I was reading Mobile read forums today and saw that some people use their Nintendo Ds's to read ebooks. I was aware that I could buy the 100 or so Public Domain ebooks that Nintendo sells like a game, but I was unaware that people read other non-DRM books on it as well. I know that I don't need yet another device to read my ebooks since I already have my Kindle, Sony 350, Android phone, iPod Touch, iPad and several PC's with which to read my ebooks, but I was wondering if anyone here is using his Nintendo DS to read ebooks. I am tempted to try it.


----------



## Ben White (Feb 11, 2011)

Now that I know it's possible, I kind of want to try it   Actually, I have used my DS to read simple .txt format books in the past (I think through Moonshell), and it worked surprisingly well.


----------



## pidgeon92 (Oct 27, 2008)

Nope. The screen on my DS is way too small.


----------



## gadgetgirl003 (Mar 22, 2009)

Ben White said:


> Now that I know it's possible, I kind of want to try it  Actually, I have used my DS to read simple .txt format books in the past (I think through Moonshell), and it worked surprisingly well.

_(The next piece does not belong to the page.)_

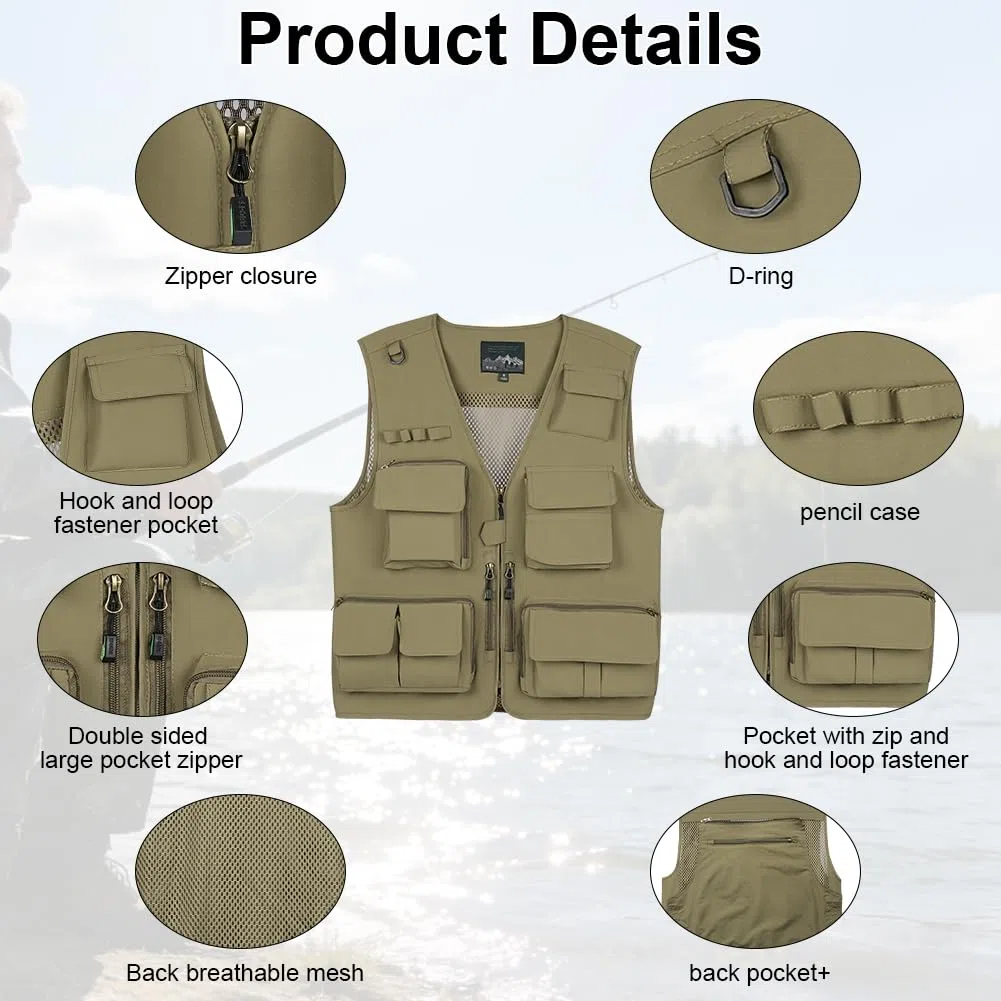 Uomo Gilet da Pesca Multitasche, Gilet da Viaggio Leggero e Traspirante, Giacca Senza Maniche da Esterno, Adatto per la Pesca, Attività All'aperto, Campeggio, Alpinismo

How did you do it through Moonshell? Did you have to buy an R4 Revolution card? It looks like you have to buy an R4 Revolution card and then install DS Libris. If there is a simpler way, I would love to know about it please.


----------



## Ben White (Feb 11, 2011)

gadgetgirl003 said:


> How did you do it through Moonshell? Did you have to buy an R4 Revolution card? It looks like you have to buy an R4 Revolution card and then install DS Libris. If there is a simpler way, I would love to know about it please.


Yes, that was through my old R4, although I didn't have to install anything special.


----------